Baturraden dan Mitos Putus Cinta yang Mulai Terlupakan

Baturraden dan Mitos Putus Cinta yang Mulai Terlupakan
Dok. Pribadi

Salah satu wilayah di kaki Slamet yang diberkahi keindahan alam adalah Baturraden. Terletak di Kabupaten Banyumas, sebelah utara Kota Purwokerto, dan di sisi barat berbatasan dengan Kecamatan Kedungbanteng. Selain wisata alam yang menawarkan keramahan khas pegunungan yang “terpinggirkan” dari ingar-bingar perkotaan, Baturraden memiliki berbagai wahana hiburan, kuliner, hingga tanaman hias.

Ada aturan main yang perlu Anda ketahui sebelum datang ke tempat ini. Masyarakat setempat meyakini sepasang kekasih yang datang ke Baturraden, sepulangnya akan “putus”. Mereka yang sengaja datang bersama pasangan ke Baturraden dan telah mengetahui mitos itu, dapat dipastikan sedang menghadapi hubungan percintaan yang pelik.

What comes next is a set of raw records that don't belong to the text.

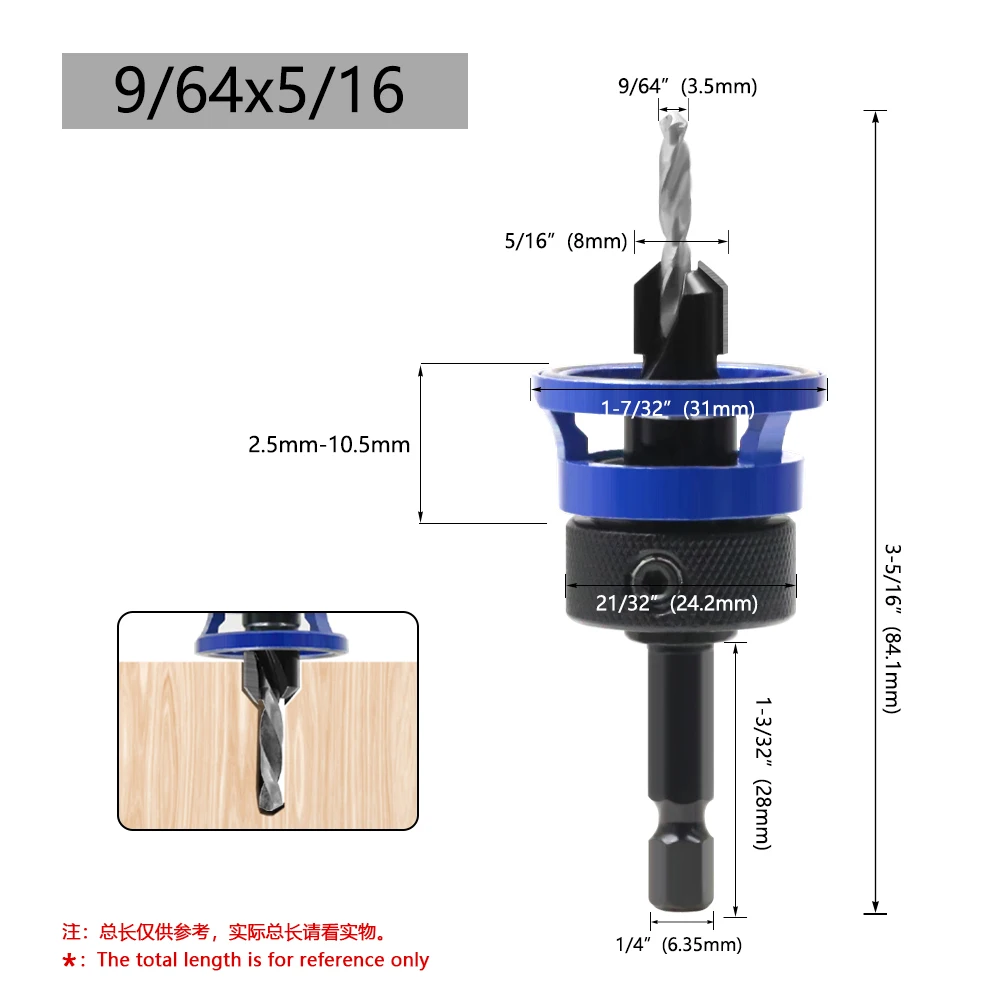 LAVIE 1pc Hex Schaft Einstellbare Begrenzung Senker Bit Router Bits Holzbearbeitung Router Bit Set CH339I00825BL – Detail 6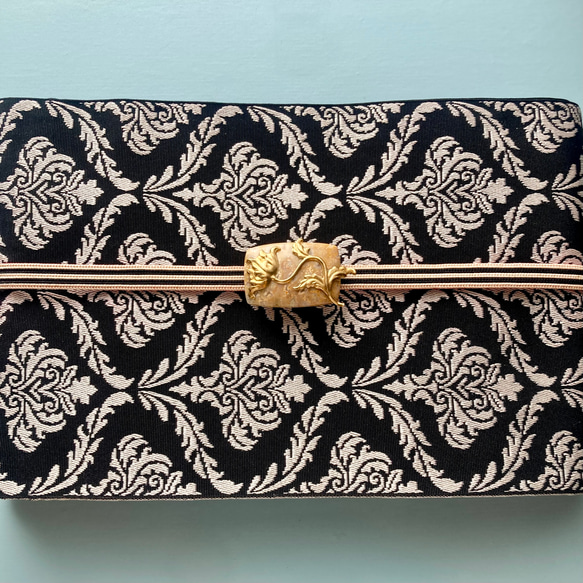 ✤菊目石（フォシルコーラル）と芥子の帯留め✤ アール・ヌーヴォー 7枚目の画像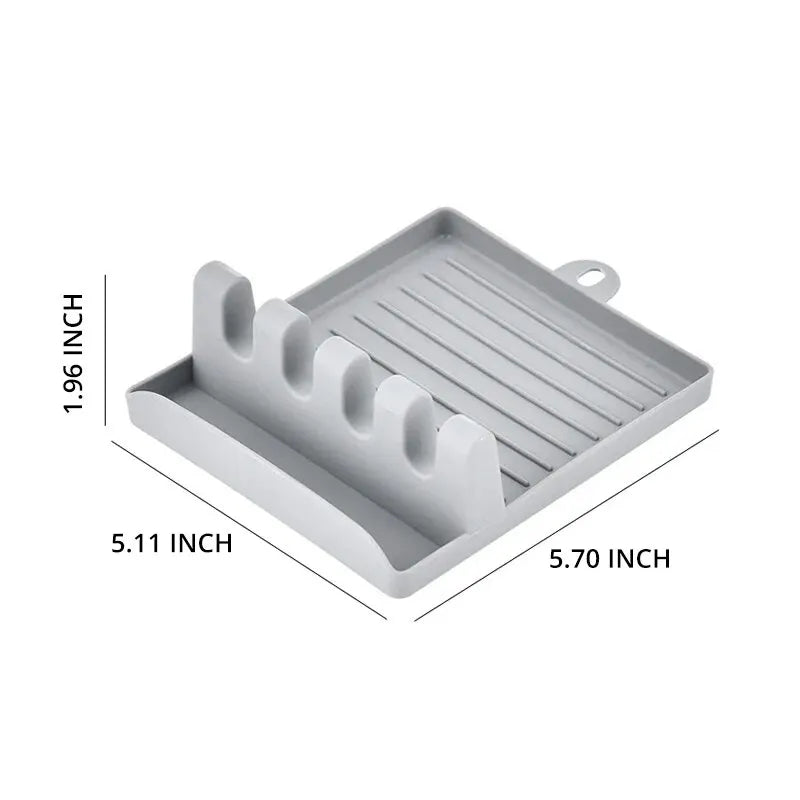 Kitchen Spoon Rest with Pot Lid Holder and Spatula Rack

Kedatangan mereka tidak lain untuk menguji apakah hubungan percintaan mereka layak dipertahankan atau tidak.

 

Menapak Tilas Sejarah Baturraden

Dalam teks ajar bahasa daerah pada sekolah tingkat menengah di Banyumas, dikenalkan cerita rakyat tentang asal-usul daerah Baturraden. Dalam teks tersebut disebutkan, Banyumas ketika itu dipimpin seorang adipati. Dia memiliki hewan peliharaan berupa gajah. Tempat tinggal gajah itu bernama Kutaliman, berasal dari dua kata, kuta yang berarti ‘kota/tempat’ dan liman yang berarti ‘gajah’. Sekarang, Kutaliman adalah nama desa di Kecamatan Kedungbanteng.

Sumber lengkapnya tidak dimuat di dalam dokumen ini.